知床観光船事故 専門家が運航会社の安全評価明記を提案「安全のための努力が分かるものを」

[ 2022年4月28日 19:55 ]

東京・赤坂のTBS社屋
Photo By スポニチ

 海難事故に詳しい東海大学海洋学部の山田吉彦教授が28日、TBS系「Nスタ」(月~金曜後3・49)にリモートで生出演し、知床半島沖で起きた観光船の遭難事故を受けて安全管理の抜本的なシステム改善の必要性を訴えた。

 乗客乗員26人が乗った観光船「KAZU 1(カズワン)」は24日に消息を絶ち、これまでに11人の死亡が確認されている。海上保安庁関係者によると、この日の捜索で新たに3人が発見された。

 番組では、安全管理規程で義務づけられている欠航の具体的基準について説明した。運航会社「知床遊覧船」の桂田精一社長は27日の会見で、欠航の基準について波の高さ1メートル以上、風速8メートル以上、視界300メートル以下といったんは説明。その後、現在は具体的な数値を明記していないと、あやふやな発言をした。また、同社が導入していた、海の状況に応じて運航ルートを決める「条件付き運航」は同規程に盛り込まれておらず、問題視されている。

 この発言について、山田氏は「体裁だけが整っていれば、出航ができてしまう。実際に船員の経験は問題になっていない」と指摘。「しかも形だけ、通信機器があればいい、あるいは気象を確認したかどうか検証もされないまま、表面だけで運行してしまっている。
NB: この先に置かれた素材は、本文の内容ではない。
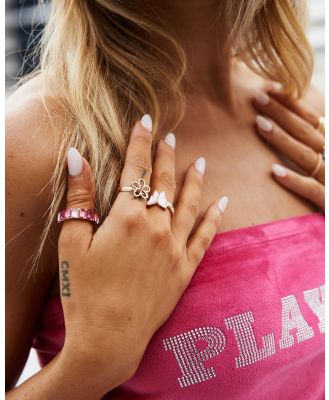 Karyn In LA Girl's Penelope Ring Pack in Pink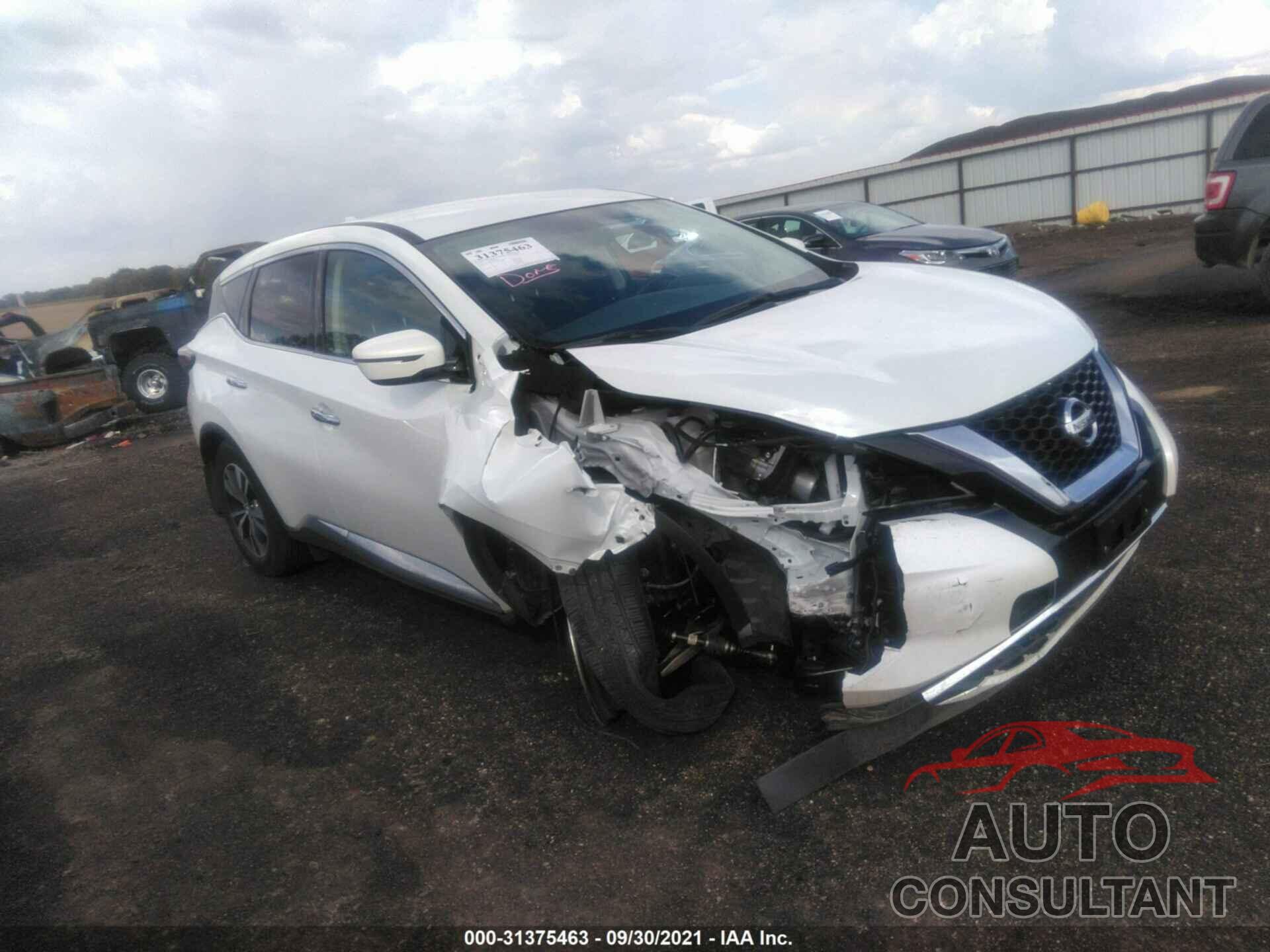 NISSAN MURANO 2019 - 5N1AZ2MS5KN144839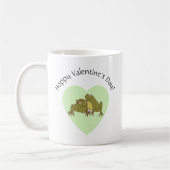 Hoppy Happy Valentines Day Niedliche Frösche in Li Kaffeetasse (Links)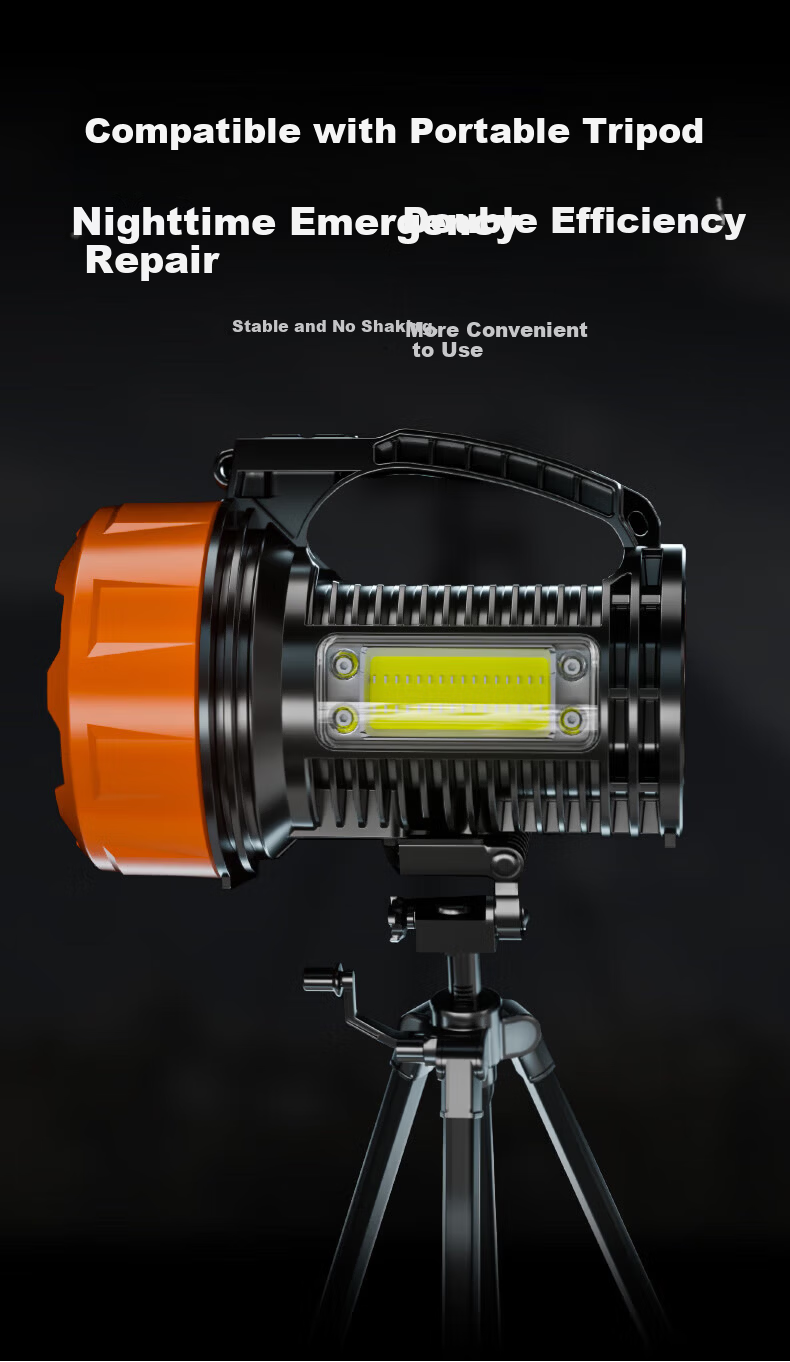 Warsun 9003 Dual Explosion-Proof LED Flashlight Rechargeable Military Ultra-Bright Patrol 5W 3.7V for Gas Stations and Chemical Use 12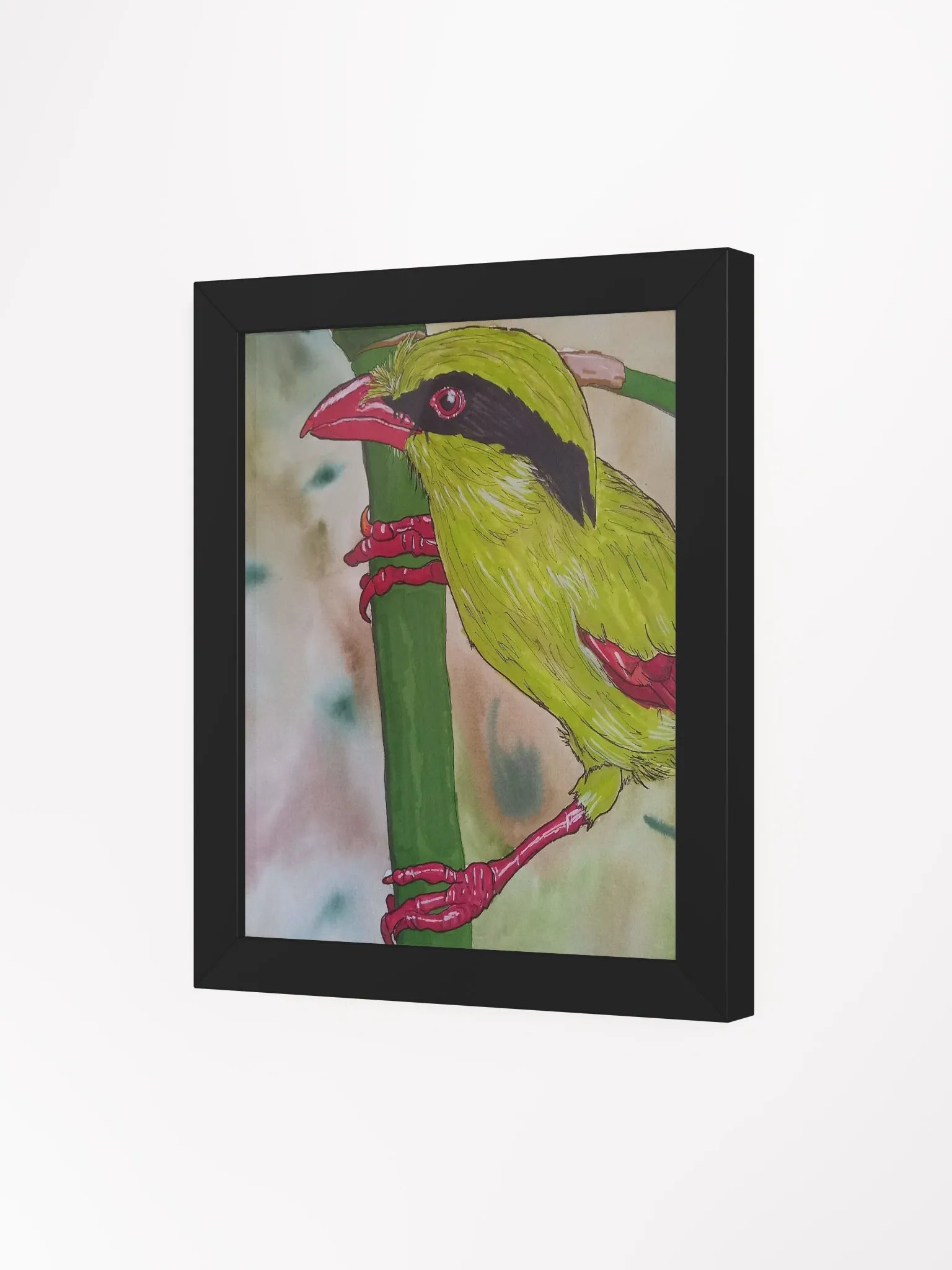 Corvid Series [02] Indochinese Green-Magpie framed print product image (3)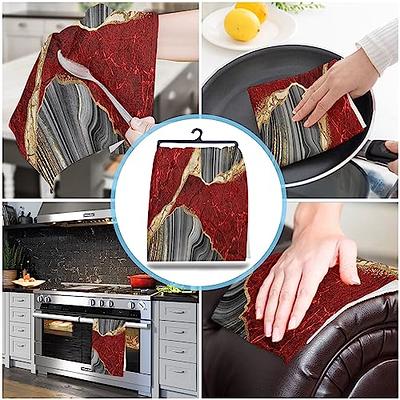 Thickened Dish Towel Hanging Hand Towels Kitchen Rag With - Temu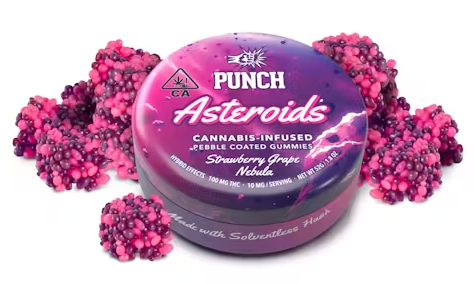 Strawberry Grape Nebula Asteroids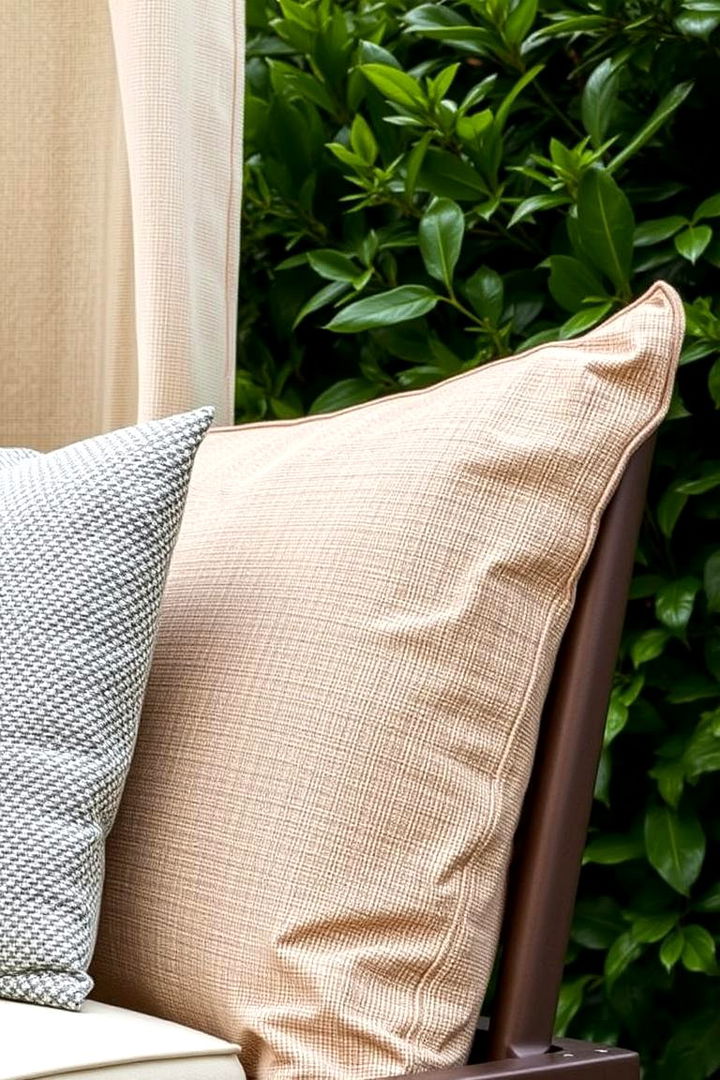Weather resistant Fabrics - 22 Patio Decor Ideas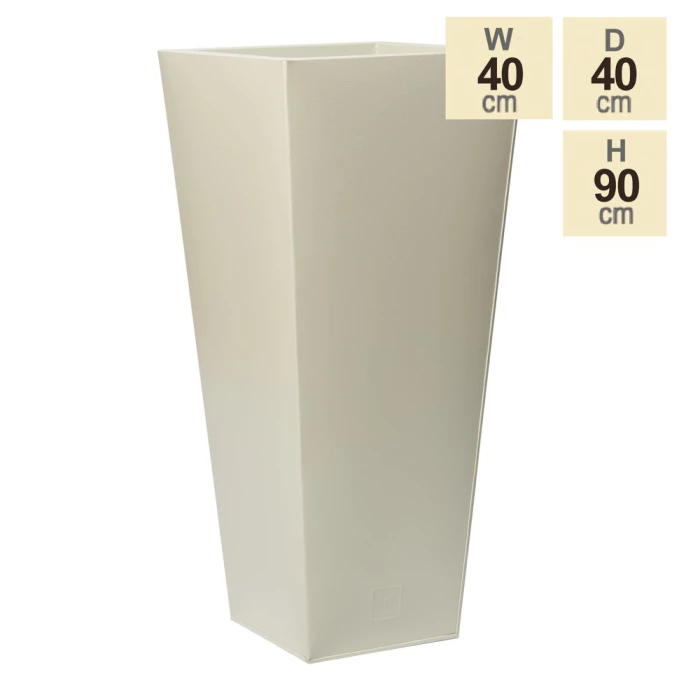 90cm Flared Square Zinc Ivory Textured Dipped Galvanised Planter 7 90cm Flared Square Zinc Ivory Textured Dipped Galvanised Planter - Image 5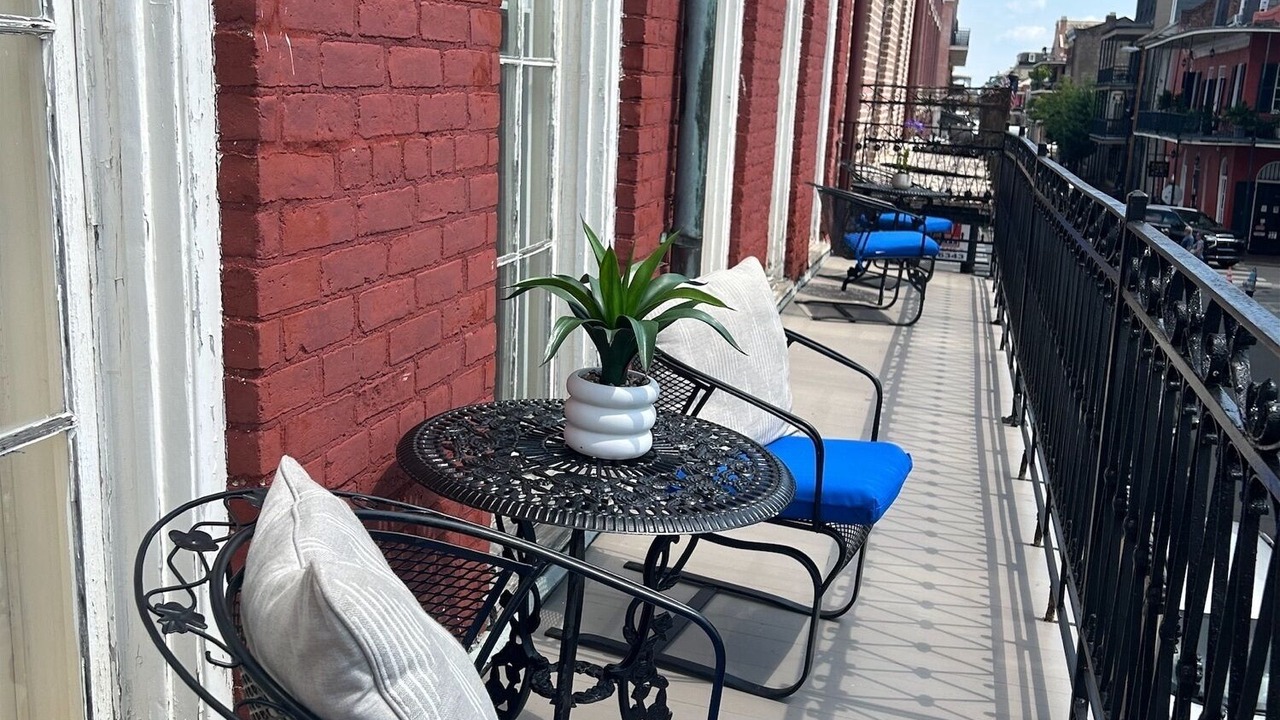 Photo of Patio Balcony in French Quarter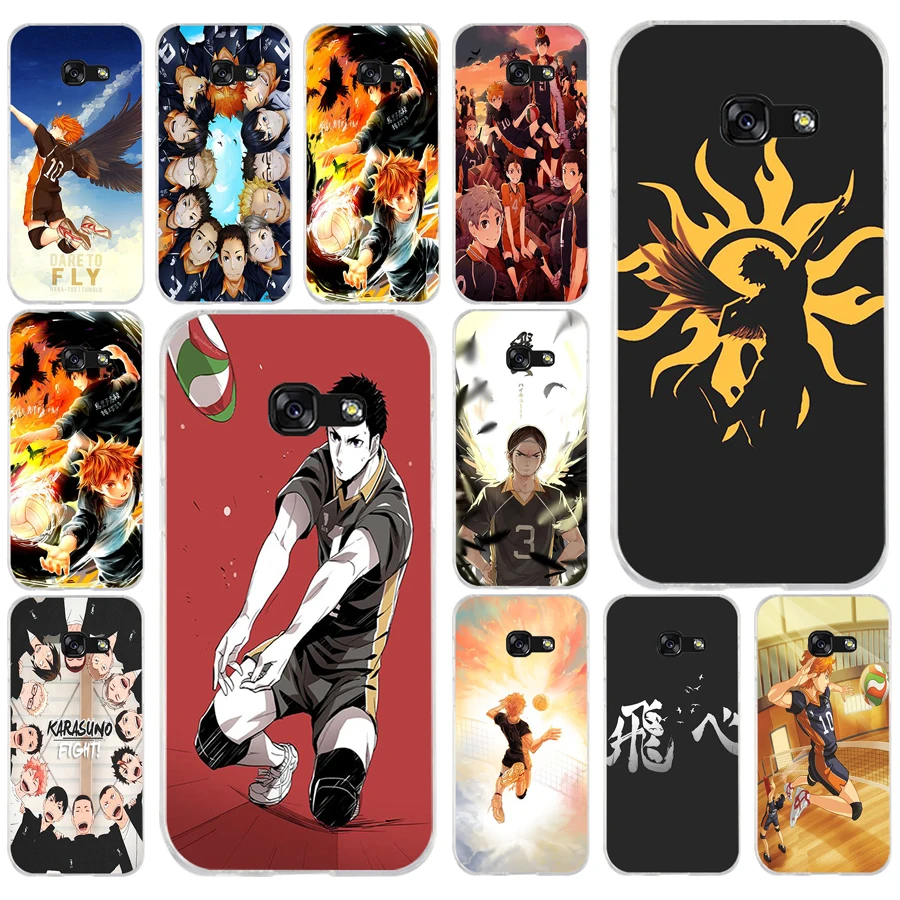 240AQ Haikyuu Fly Мягкий Силиконовый ТПУ чехол для телефона Samsung galaxy a3 a5 2016 2017 a6 A8 2018 |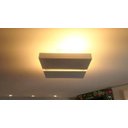 Ver imagem 2 de Plafon Rebatedor Vazado Quadrado 50cm Branco Quarto Sala de Estar Living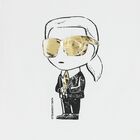 Girls Mini Me White Ikonik T-Shirt, 2, hi-res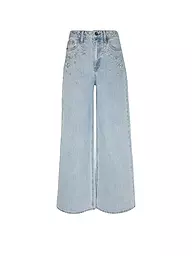 SELF-PORTRAIT | Jeans Flared Fit | Bleu clair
この会社、船舶の運航に関しては、まったく機能していなかったということが、昨日の会見で分かりました」と憤りを口にした。

 山田氏によると、波の高さなどの判断は船長の感覚に委ねられるという。「波の高さって目視なんですね。船長の感覚で2メートル、3メートルと決めていくんですけど、それ自体、この社長は理解できないと思う。となると、船長に委ねっぱなし、船長には『とにかく航海をしなさい』という指示だったと考えられる。苦渋の選択の中での航海(だったはず)」と推測した。

 再発防止策について、山田氏は「地域ごとに海の状況は変わりますし、条件が変わります。地域と国土交通省、海上保安庁と連係した形で、ローカルルールを作っていくということが重要だと思います」と提案した。さらに、「行政、地域の観光協会は、クルーズ会社の評価みたいなものを格付けして、顧客に伝えるようなシステムを作っていかなければいけないと思います。この船がどれだけ安全のために努力しているか分かるようなもの、たとえば船長が『この海で何年経験しているベテラン船長か』ということが分かるような仕組みがあれば、顧客も安心して海に出られると思います」と、具体例を挙げて説明した。